GIVEN MATERIAL:
━━━━

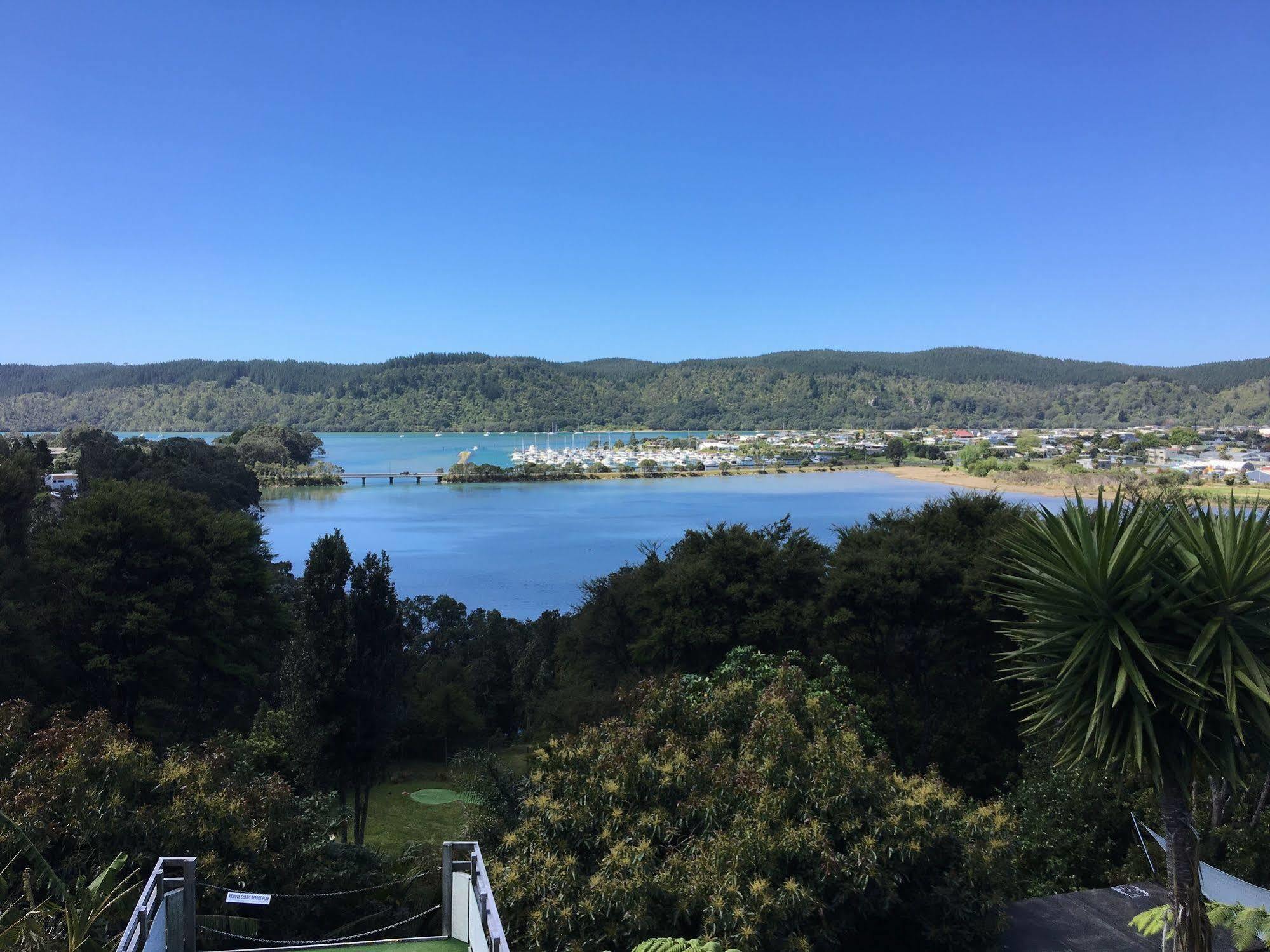 Whangamata Vistas B&B Exterior foto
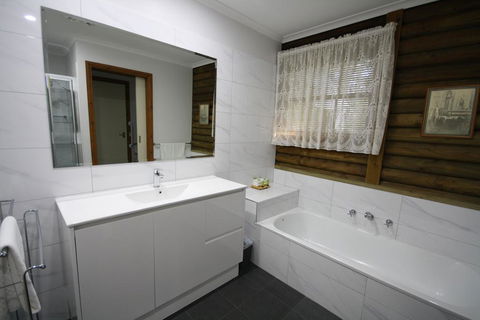 Halls Gap Log Cabins - Accommodation Mooloolaba 2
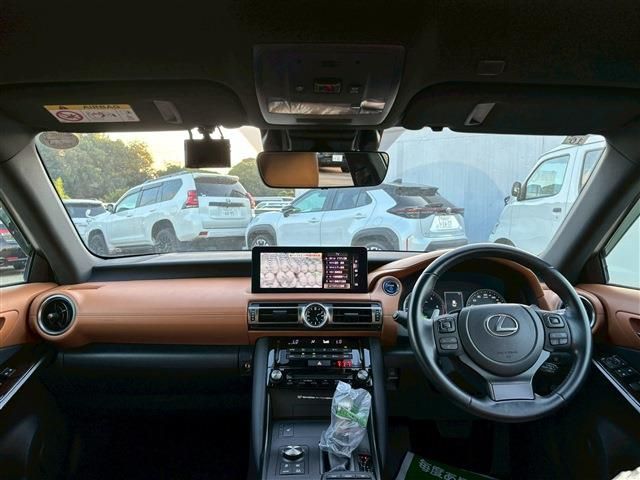 TOYOTA LEXUS IS300h 2021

━━━━

TASK TO CARRY OUT: Quote the full listing above word for word; exclude every picture from the copy.

COMPLETED TASK:
 Whangamata Vistas B&B Exterior foto
 Halls Gap Log Cabins - Accommodation Mooloolaba 2
 TOYOTA LEXUS IS300h 2021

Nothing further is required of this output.